Fortunately, I had something of a miraculous experience when I called Disney’s Disability Assistance line. I was working on a magazine article about larger families who travel with a wheelchair user, and the difficulty in finding accessible hotel rooms that could accommodate more than two people. I asked the customer service representative which of their resorts have accessible rooms that can accommodate families, and she very frankly responded that she didn’t know. She told me she would put me in touch with the reservations department, and they should know the answer. They did.
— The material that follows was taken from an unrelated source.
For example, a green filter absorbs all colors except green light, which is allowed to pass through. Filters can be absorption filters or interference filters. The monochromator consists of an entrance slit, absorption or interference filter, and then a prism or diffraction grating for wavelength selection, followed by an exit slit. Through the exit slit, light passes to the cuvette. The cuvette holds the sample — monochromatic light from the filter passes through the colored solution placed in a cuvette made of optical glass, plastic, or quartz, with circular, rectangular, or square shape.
So, as wheelchair users, how can we get the most accurate information regarding accessibility from customer service representatives? Personally, I think it’s important to listen to your gut. If the information isn’t detailed enough for your satisfaction, or the representative sounds unsure, reassure them that it’s okay if they don’t know the answer. Politely tell them that you would like to speak with a supervisor just to confirm the information for your own peace of mind. Chances are, they’ll be happy to abdicate responsibility for giving you a wrong answer.
Ultimately, it’s up to the company in question to educate their customer service representatives on their wheelchair accessible offerings. However, we all know that unless you are a wheelchair user, accessibility can sometimes be a difficult concept to grasp. Providing customer service representatives with details such as measurements, the presence of barriers, and layouts can go a long way toward giving us the basic idea of accessibility. This should help shift the burden of responsibility towards the company instead of the traveler, as it should be.